Or: "You've been in Gallipoli? Did you run across my young cousin, a lieutenant in the...? Well, he was only there two days or so, I suppose...." exactly as though she was talking about Cairo in the season.
To-day there was the Limit.
She sat two paces away from where I sit to pour out tea. Her face was kind, but inquisitive, with that brown liver-look round the eyes and a large rakish hat. She comes often, having heard of him through the padre, to see a Canadian whom she doesn't know and who doesn't want to see her.
From two places away I heard her voice piping up: "Nurse, excuse my asking, but is your cap a regulation one, like all the others?"
I looked up, and all the tea I was pouring poured over the edge. Mr. Pettitt and Captain Matthew, between us, looked down at their plates.

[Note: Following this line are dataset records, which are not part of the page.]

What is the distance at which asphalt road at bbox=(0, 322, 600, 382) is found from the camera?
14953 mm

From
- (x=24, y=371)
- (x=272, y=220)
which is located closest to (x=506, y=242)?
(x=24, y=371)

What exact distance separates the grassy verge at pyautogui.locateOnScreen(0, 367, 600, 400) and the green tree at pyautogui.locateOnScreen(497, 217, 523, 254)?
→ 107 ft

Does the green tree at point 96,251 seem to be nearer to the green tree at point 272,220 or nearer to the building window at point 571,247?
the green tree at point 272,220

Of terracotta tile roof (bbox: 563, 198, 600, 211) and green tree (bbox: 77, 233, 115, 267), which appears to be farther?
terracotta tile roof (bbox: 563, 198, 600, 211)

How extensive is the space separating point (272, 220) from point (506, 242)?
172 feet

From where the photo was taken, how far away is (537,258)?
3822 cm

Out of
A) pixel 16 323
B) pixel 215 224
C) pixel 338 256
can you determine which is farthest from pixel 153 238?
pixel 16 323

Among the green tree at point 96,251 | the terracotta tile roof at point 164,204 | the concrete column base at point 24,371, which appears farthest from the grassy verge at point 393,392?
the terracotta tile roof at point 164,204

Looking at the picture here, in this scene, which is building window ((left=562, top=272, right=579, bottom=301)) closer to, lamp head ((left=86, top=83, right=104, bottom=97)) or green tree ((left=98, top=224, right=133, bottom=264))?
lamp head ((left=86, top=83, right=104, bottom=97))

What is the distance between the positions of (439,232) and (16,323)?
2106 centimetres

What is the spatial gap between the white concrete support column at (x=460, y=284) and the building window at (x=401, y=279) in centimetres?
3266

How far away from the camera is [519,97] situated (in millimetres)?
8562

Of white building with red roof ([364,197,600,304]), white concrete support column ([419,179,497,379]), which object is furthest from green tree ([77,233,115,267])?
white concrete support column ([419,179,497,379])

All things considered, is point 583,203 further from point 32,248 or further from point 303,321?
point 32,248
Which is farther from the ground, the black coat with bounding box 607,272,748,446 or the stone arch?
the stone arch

I put my hand to my cap. "Is anything wrong? It ought to be like the others."
She leant towards me, nodding and smiling with bonhomie, and said flatteringly, "It's so prettily put on, I thought it was different."

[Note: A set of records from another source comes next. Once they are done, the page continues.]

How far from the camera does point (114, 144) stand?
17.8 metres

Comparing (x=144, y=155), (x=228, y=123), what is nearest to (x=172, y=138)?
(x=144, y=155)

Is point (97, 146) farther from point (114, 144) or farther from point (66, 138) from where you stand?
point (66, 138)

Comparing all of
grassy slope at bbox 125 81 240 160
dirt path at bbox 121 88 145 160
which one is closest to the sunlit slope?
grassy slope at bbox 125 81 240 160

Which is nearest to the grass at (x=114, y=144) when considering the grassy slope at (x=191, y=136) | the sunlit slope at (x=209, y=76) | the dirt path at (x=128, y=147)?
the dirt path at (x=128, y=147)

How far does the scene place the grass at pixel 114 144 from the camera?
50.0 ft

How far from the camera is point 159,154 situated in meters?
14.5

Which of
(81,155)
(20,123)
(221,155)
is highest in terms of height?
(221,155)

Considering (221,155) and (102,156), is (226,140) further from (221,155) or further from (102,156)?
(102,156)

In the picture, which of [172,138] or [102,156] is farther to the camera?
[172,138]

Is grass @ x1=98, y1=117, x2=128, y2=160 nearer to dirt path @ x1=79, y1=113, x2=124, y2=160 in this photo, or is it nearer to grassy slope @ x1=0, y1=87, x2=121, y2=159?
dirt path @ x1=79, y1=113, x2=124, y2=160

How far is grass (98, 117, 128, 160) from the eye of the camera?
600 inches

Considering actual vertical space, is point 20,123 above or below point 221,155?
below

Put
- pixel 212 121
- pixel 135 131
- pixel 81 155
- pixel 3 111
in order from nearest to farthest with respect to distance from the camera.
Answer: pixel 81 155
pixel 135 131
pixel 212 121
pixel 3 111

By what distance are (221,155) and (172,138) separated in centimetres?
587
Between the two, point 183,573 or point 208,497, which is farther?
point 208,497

And then (horror): "Don't you think nurse puts her cap on well?" she asked Captain Matthew, who, looking harder than ever at his plate and reddening to the ears, mumbled something which did not particularly commit him since it couldn't be heard.
The usual delighted silence began to creep round the table, and I tried wildly to divert her attention before our end became a stage and the rest of the table an audience.
"I think it's so nice to see you sitting down with them all," she cooed; "it's so cosy for them."